Directions
Transcribe the listing below in full, exactly, with no images.

Collected data
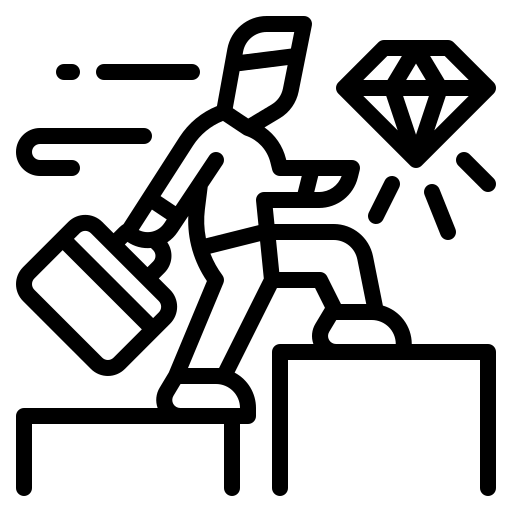 Illustration av en person som går upp för en trappa med en väska i handen. I bakgrunden syns
				en gnistrande diamant.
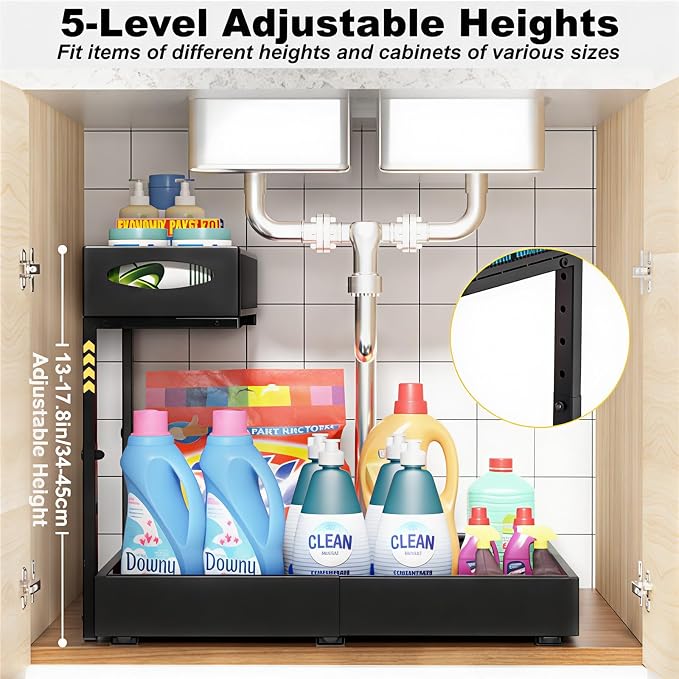 Housolution Under Sink Organizer, 2 Tier Metal Pull Out Under Sink Storage Rack - Image 2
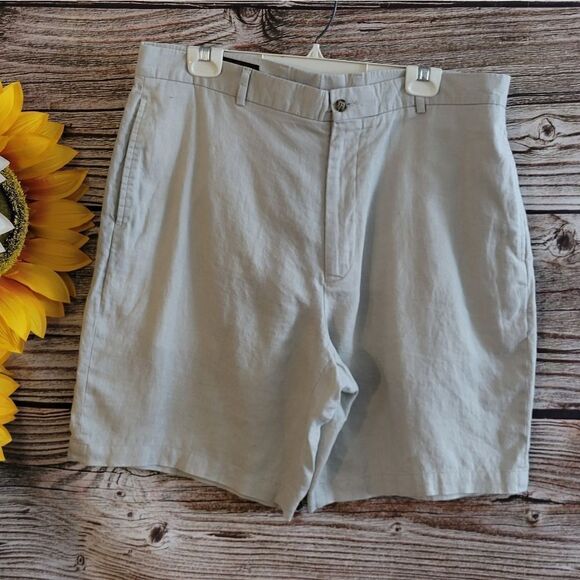 Perry Ellis shorts men's 38" LT Beige 100% linen Pre-owned - Picture 1 of 5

Reply to the exercise
 Illustration av en person som går upp för en trappa med en väska i handen. I bakgrunden syns
				en gnistrande diamant.
 Housolution Under Sink Organizer, 2 Tier Metal Pull Out Under Sink Storage Rack - Image 2
 Perry Ellis shorts men's 38" LT Beige 100% linen Pre-owned - Picture 1 of 5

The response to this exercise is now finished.